Following a year-and-a-half of ignoring the industry – which was already on shaky ground – I’ve awakened to find it devolving into something where I’m not sure I belong. Many things about big-time show business that attracted me as a kid no longer exist.
Granted, life as an actor is always a crap shoot. I never wanted “stardom,” but lately it seems merely being a journeyman actor is just as an impossible a dream. I find myself wondering: Is the hope of making a career in Los Angeles a fantasy?
Consider Stephen King’s recent Entertainment Weekly column, bemoaning the death of quality entertainment. BackStage recently devoted several pages to “The Demise of the Middle-Class Actor.” Soaps and sitcoms are dead or dying; reality has taken over television; and studio films get dumber each season. SAG is imploding in slow motion, while stars of the 70s and 80s play the small parts for scale. The economy has made self-sustaining theatre a near impossibility (trust me, I know!). And the Internet has thrown the entire industry into a tailspin.

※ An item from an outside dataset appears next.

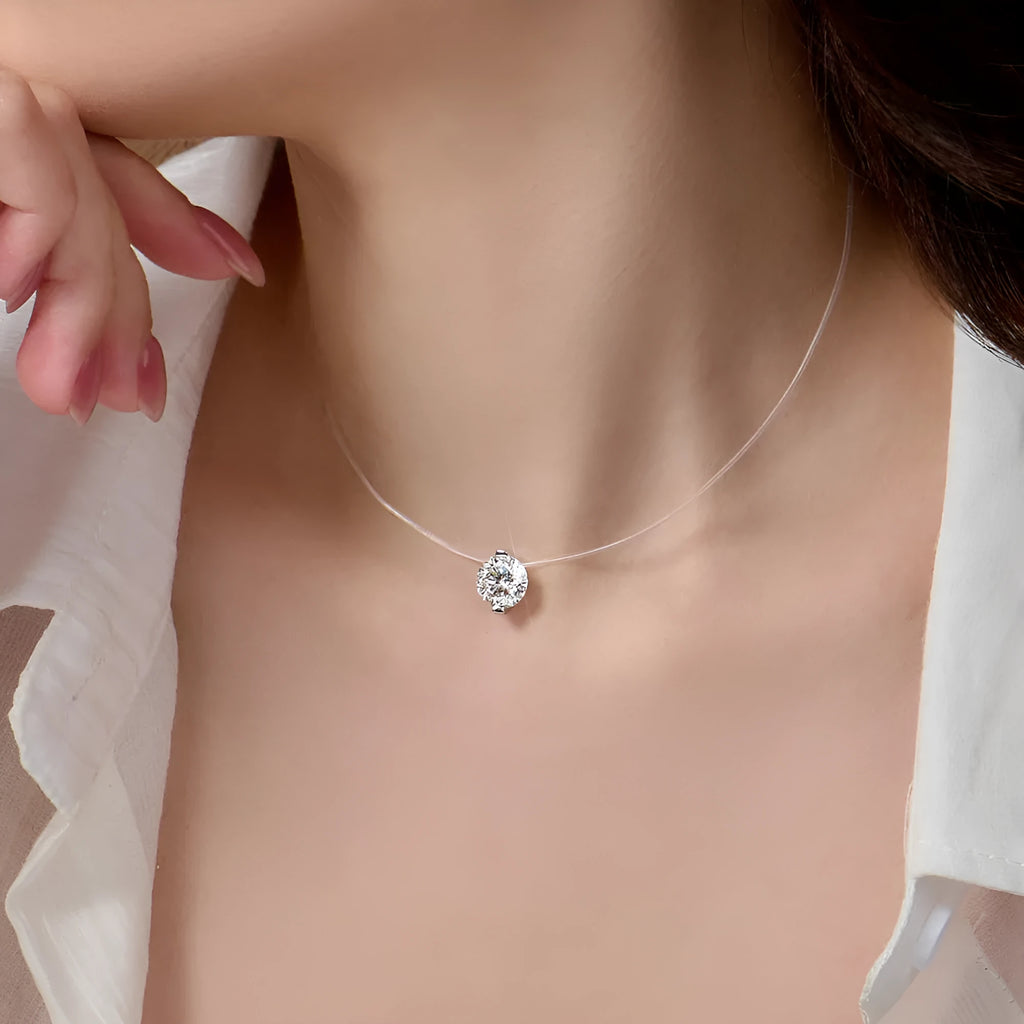 Close-up of a silver plum blossom pendant necklace with a moissanite stone set on an invisible fishing line.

Meanwhile, I’m looking for a new agent and easing back into the business after months off. Maybe its the pessimistic news, or because I’m not a schmoozer, but I’m done playing the Hollywood game. The return doesn’t justify the investment. The odds are too long. It’s about almost everything except art. And I network by meeting folks on the job, not by going to parties.

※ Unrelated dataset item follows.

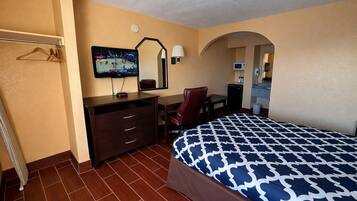 A hotel room with a bed, a desk, a chair, a TV, and a mirror.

Now, I’m not quitting acting. I couldn’t if I tried. I’ll still submit, audition and work in others’ productions when asked, but I’m taking the power out of the hands of others’. I’m making serious adjustments to my ideas of “success in Hollywood,” what I want to accomplish, and how.
Screw the agents and big-wigs, the networks and the big studios, and the corporate owners who base decisions on the bottom line and the interests of teenage boys. If I want interesting roles in work that speaks to me, I’ll create it myself – like when I was starting out in San Francisco in the late 80s, and as I just did with Carved in Stone.
With today’s technology, it’s certainly much easier to produce projects and get them seen. I’m developing a few prospective Internet projects I’ve been sitting on. I’m writing a feature script (based on a classic short horror story) with a wonderful supporting role for me. I’ll produce and maybe even direct it, with my equally fed-up, talented actor friends comprising the cast.
I might not get rich, but I’ll stay working, and engaged in creation – which I’ve always prized more highly than making money. The challenge is keeping the “eyes on the prize” in a town obsessed with financial success and celebrity.
Hollywood is dead; long live Hollywood!